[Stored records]
___
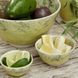 Cup Costa Nova Madeira 9.1 cm green. Costa Nova560673993217 photo 2
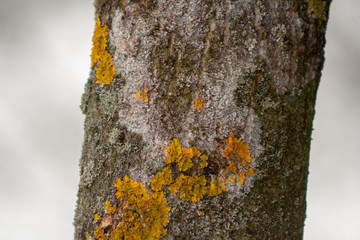 Yellow lichen on a tree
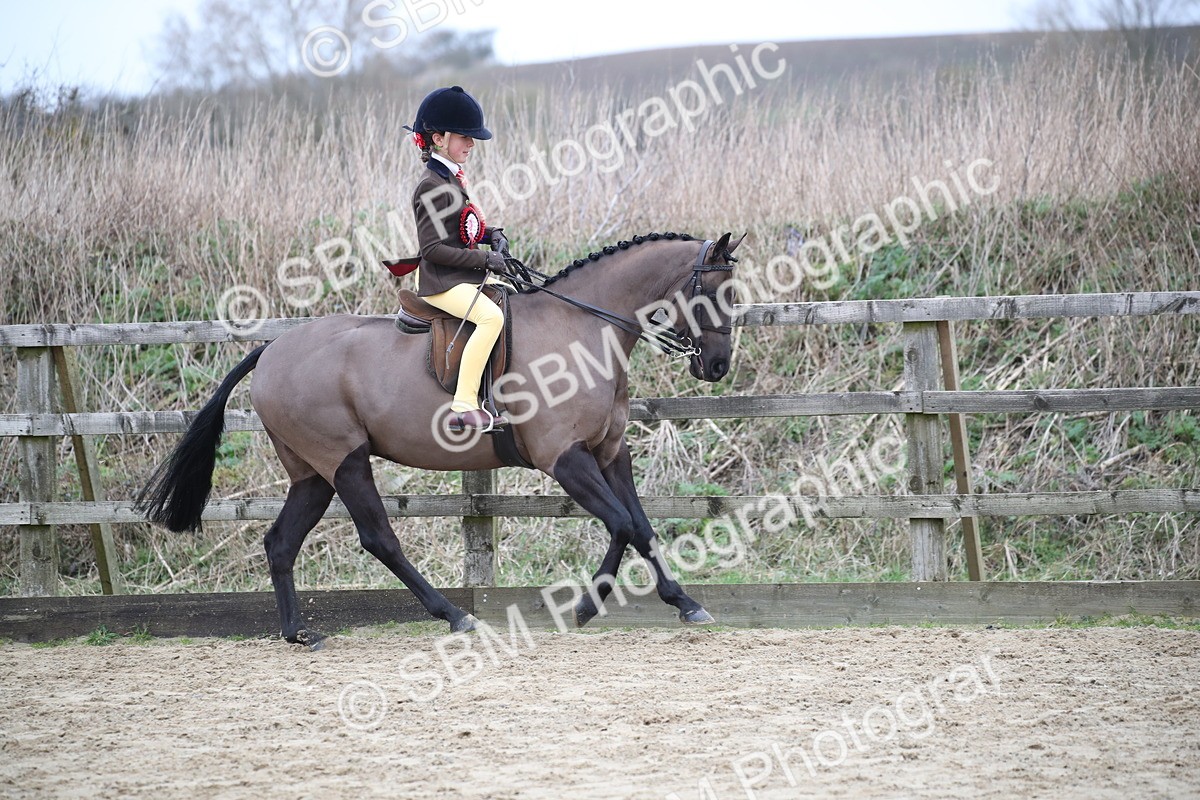SBM_004811 - Class 5-9 - NPS In Hand-Show Hunter-Intermediate Ridden Inc Ridden Championship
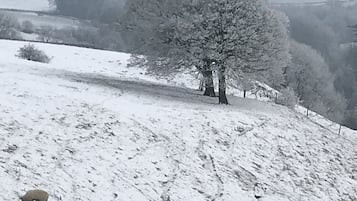 A snowy landscape with a stone wall and a tree.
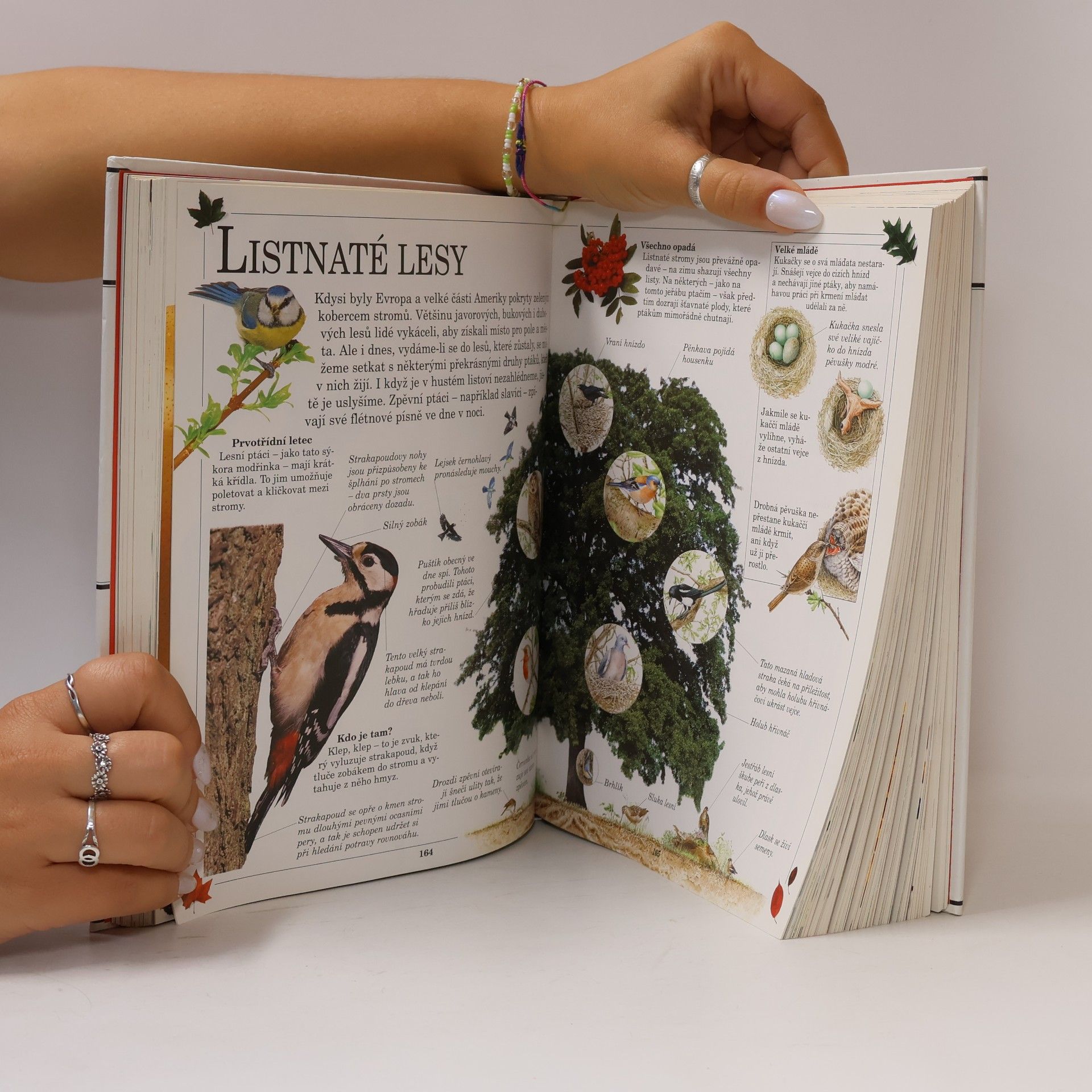 Various authors Velká dětská encyklopedie : [z obrázků a vět poznáváme svět]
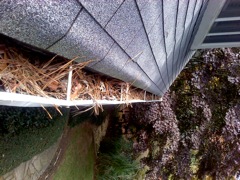 Get Your Dirty Gutters Cleaned by Kennesaw's Best Gutter Cleaners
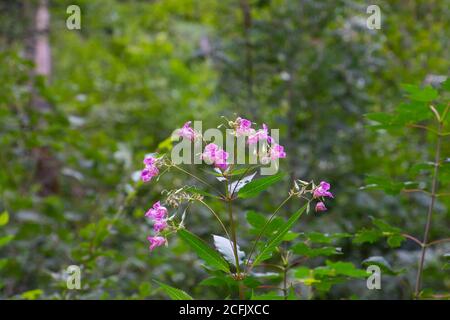 Nahaufnahme des Himalaya Balsam, auch Impatiens glandurifera oder springkraut genannt Stockfoto
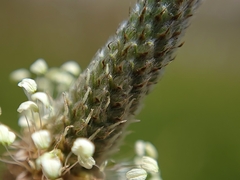 Plantago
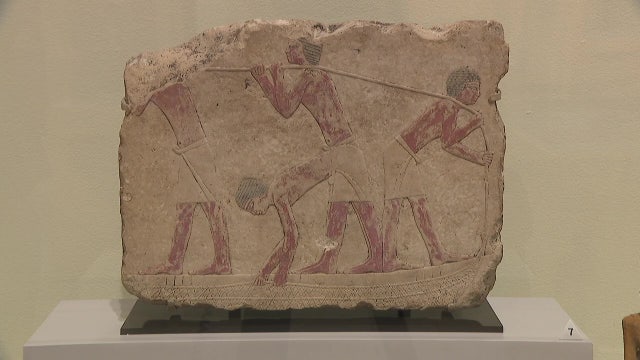 Ancient Egyptian mummies and pharaoh sculptures arrive at Tampa Museum of Art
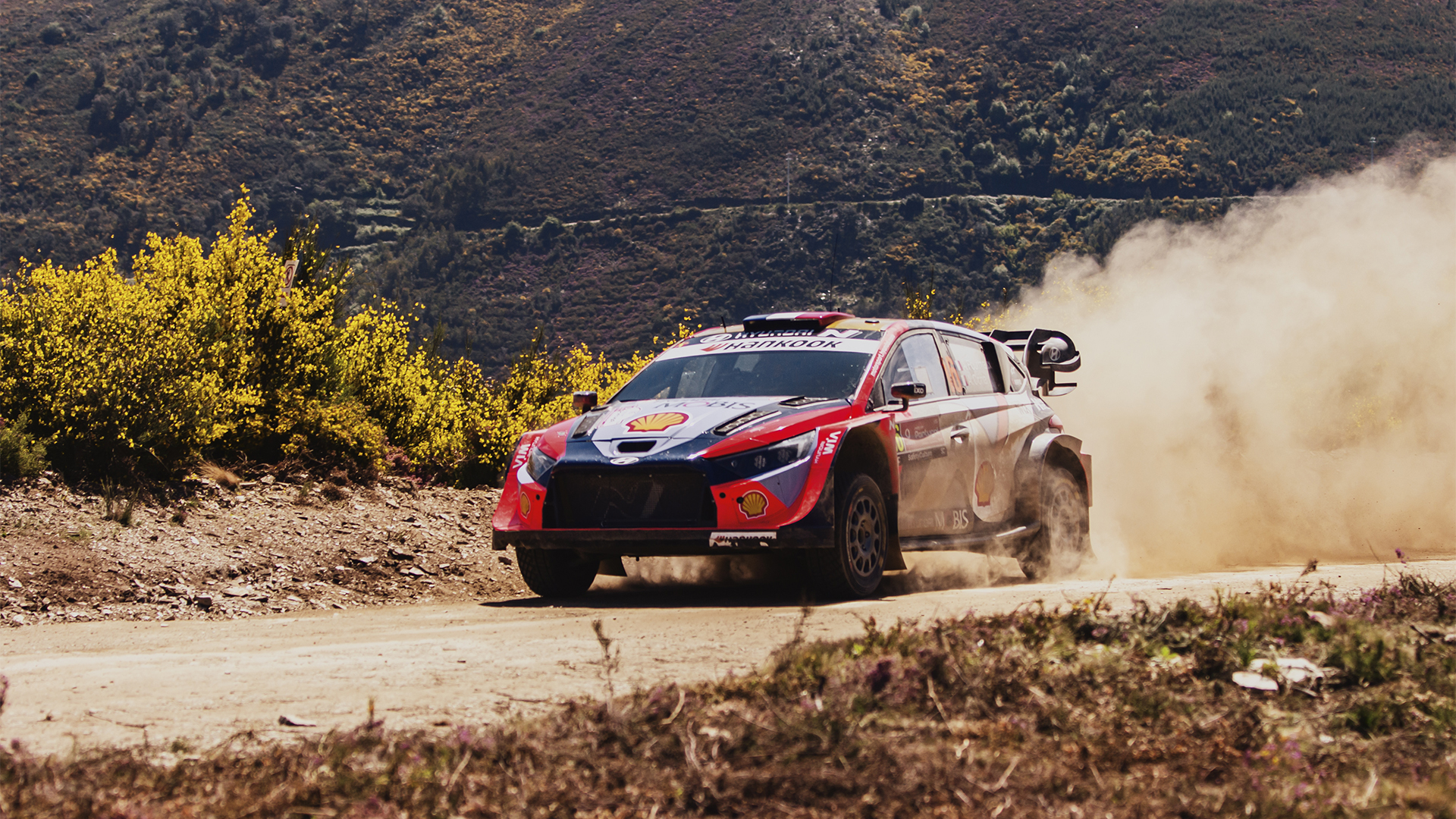 Um dia que começou às 2h30 da manhã para ver o Rally de Portugal | Galeria de Imagens 3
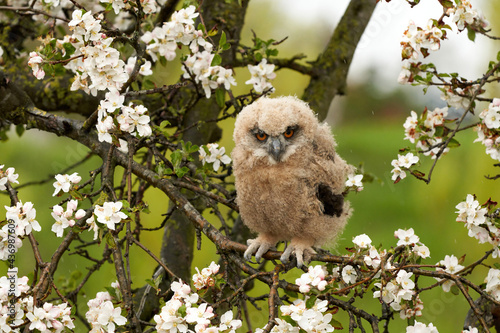 One six week old owl chick eagle owl sits in a tree full of white blossoms. Orange eyes look at you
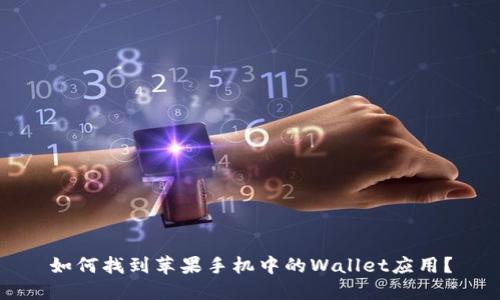 如何找到苹果手机中的Wallet应用？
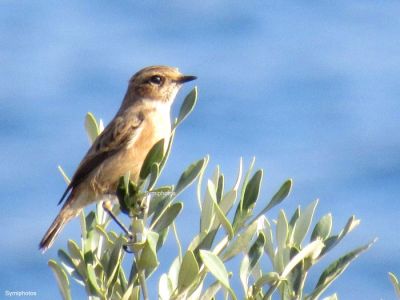 Κάντε κλικ για να δείτε την εικόνα σε πλήρες μέγεθος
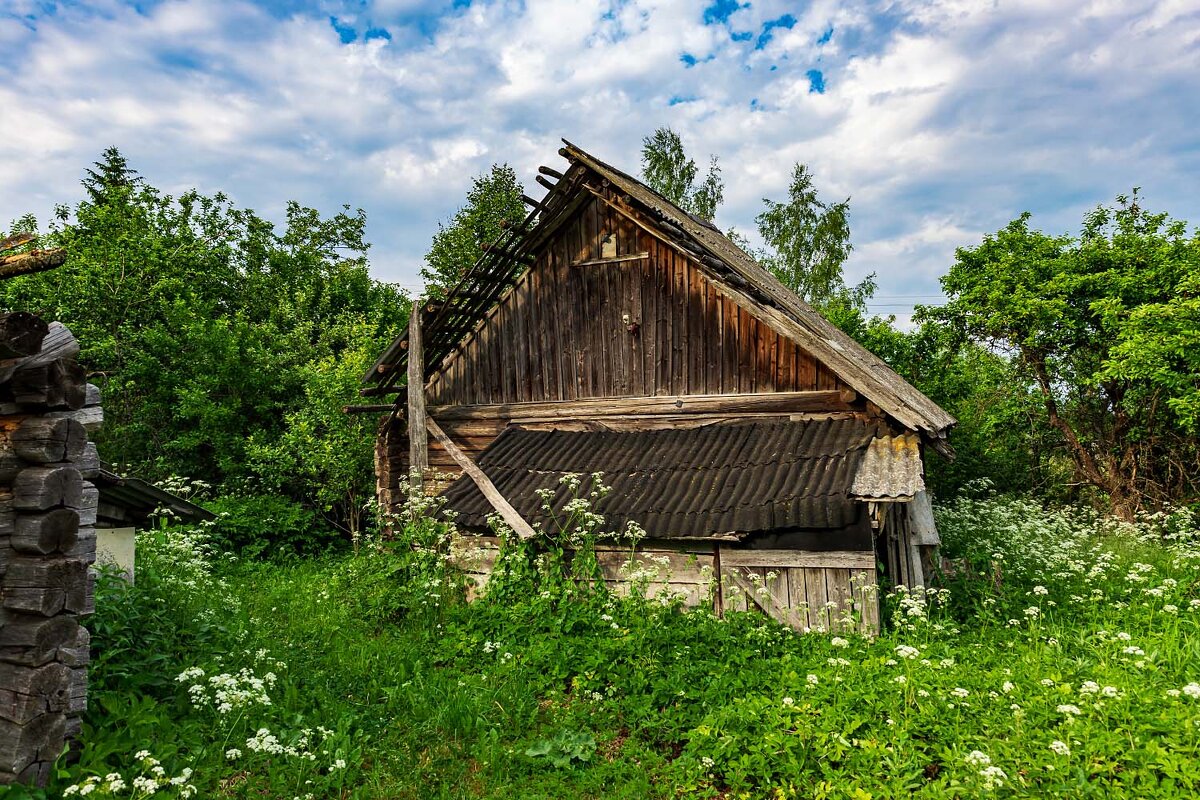 Старый дом - Александр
___
_Your task_: Each record should be quoted exactly, with the images omitted.

_Exercise output_:
 Cup Costa Nova Madeira 9.1 cm green. Costa Nova560673993217 photo 2
 Yellow lichen on a tree
SBM_004811 - Class 5-9 - NPS In Hand-Show Hunter-Intermediate Ridden Inc Ridden Championship
 A snowy landscape with a stone wall and a tree.
 Various authors Velká dětská encyklopedie : [z obrázků a vět poznáváme svět]
 Get Your Dirty Gutters Cleaned by Kennesaw's Best Gutter Cleaners
 Nahaufnahme des Himalaya Balsam, auch Impatiens glandurifera oder springkraut genannt Stockfoto
 Plantago
 Ancient Egyptian mummies and pharaoh sculptures arrive at Tampa Museum of Art
 Um dia que começou às 2h30 da manhã para ver o Rally de Portugal | Galeria de Imagens 3
 One six week old owl chick eagle owl sits in a tree full of white blossoms. Orange eyes look at you
 如何找到苹果手机中的Wallet应用？
 Κάντε κλικ για να δείτε την εικόνα σε πλήρες μέγεθος
 Старый дом - Александр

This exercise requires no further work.